Those in the Joint Commission who sought to address gender issues encountered other barriers. The peace accord was based on 13 separate amnesties that excluded the possibility of prosecution for atrocities committed during the conflict. One amnesty even excused any actions that might take place six months in the future. Given the prominence of sexual abuse and exploitation during the conflict, including rape used as a weapon of war, thse amnesties meant that men with guns forgave other men with guns for crimes committed against women. This flaw also undercut any return to a culture of rule of law and accountability, and introduced a cynicism at the heart of our efforts to rebuild and reform the justice and security sectors.

Similarly, as we launched disarmament, demobilization, and reintegration programs for ex-combatants, we soon realized that the agreement defined a combatant as anyone identified as such by their military's leadership. The thousands of women who had been kidnapped or coerced mostly into the rebel forces were largely excluded by their leaders, since most of them were exploited as cooks, messengers, bearers, and even sex slaves.

Thus, we had to scramble to provide any support to these victims.
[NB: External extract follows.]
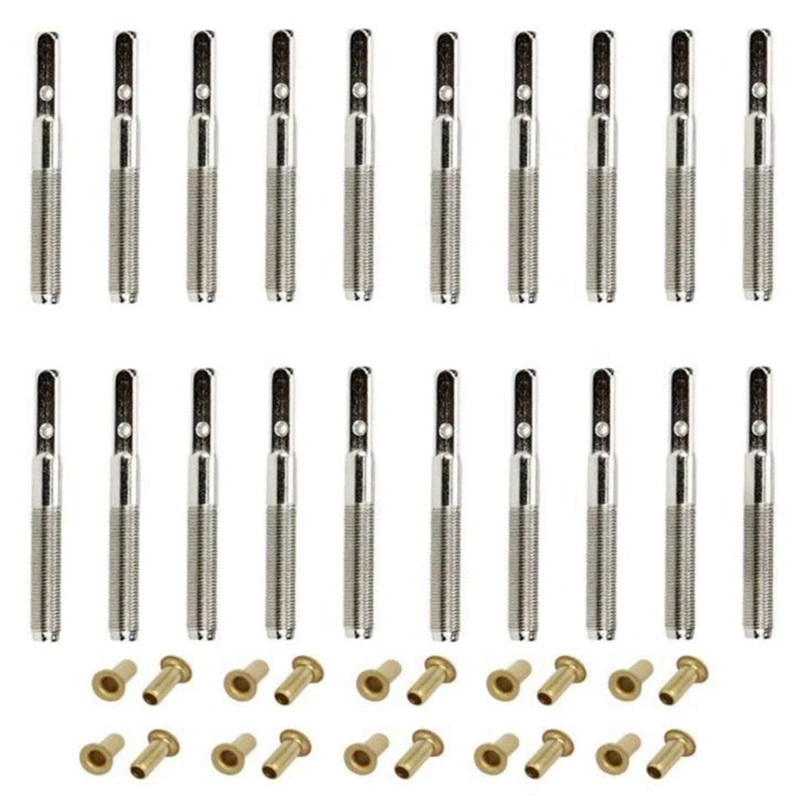 120 Pcs Lyre Harp Tuning Pin Nails With 120 Pcs Rivets Set For Lyre Harp Small Harp Musical Stringed Instrument
120 Pcs Lyre Harp Tuning Pin Nails With 120 Pcs Rivets Set For Lyre Harp Small Harp Musical Stringed Instrument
Male ex-combatants received a little money and demobilization kits consisting mostly of seeds and farm tools. We then shipped them back to communities where they had no clear roles, since they lacked marketable skills and the communities had learned to live without them during the decades of conflict. As elsewhere around the world, the result was a dramatic rise in alcoholism, drug abuse, divorce, and domestic violence, and the breakdown of the coping mechanisms that gave women some protection during the conflict. Thus, the end of civil war unleashed a new era of violence against women.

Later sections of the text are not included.